**Exercise prompt:**
Tally the lines below that include "Front" and give only the total.

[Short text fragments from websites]
___

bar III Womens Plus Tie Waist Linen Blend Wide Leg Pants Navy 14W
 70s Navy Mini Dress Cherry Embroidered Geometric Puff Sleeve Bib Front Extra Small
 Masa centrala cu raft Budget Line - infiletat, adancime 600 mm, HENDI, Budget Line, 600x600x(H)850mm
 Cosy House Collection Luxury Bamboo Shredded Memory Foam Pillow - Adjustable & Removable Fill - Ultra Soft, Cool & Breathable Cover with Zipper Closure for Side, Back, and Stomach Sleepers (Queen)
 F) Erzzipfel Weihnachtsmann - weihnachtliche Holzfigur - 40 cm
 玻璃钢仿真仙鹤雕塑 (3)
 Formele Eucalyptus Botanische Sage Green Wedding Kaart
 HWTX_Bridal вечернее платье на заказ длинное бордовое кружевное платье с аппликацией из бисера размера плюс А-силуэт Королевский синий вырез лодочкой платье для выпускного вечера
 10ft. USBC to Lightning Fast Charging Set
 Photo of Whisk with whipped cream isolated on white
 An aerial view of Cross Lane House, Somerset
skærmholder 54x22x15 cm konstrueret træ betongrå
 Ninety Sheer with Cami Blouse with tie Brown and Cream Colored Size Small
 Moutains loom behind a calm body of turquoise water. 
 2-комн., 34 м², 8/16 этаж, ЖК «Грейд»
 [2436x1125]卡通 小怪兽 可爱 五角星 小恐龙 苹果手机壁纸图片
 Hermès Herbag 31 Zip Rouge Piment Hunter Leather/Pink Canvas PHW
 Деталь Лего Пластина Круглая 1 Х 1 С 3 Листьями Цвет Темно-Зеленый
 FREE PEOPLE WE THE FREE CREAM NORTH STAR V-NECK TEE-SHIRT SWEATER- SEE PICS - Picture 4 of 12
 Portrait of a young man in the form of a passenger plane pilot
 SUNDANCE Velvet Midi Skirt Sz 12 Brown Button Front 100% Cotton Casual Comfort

___

**Written solution:**
2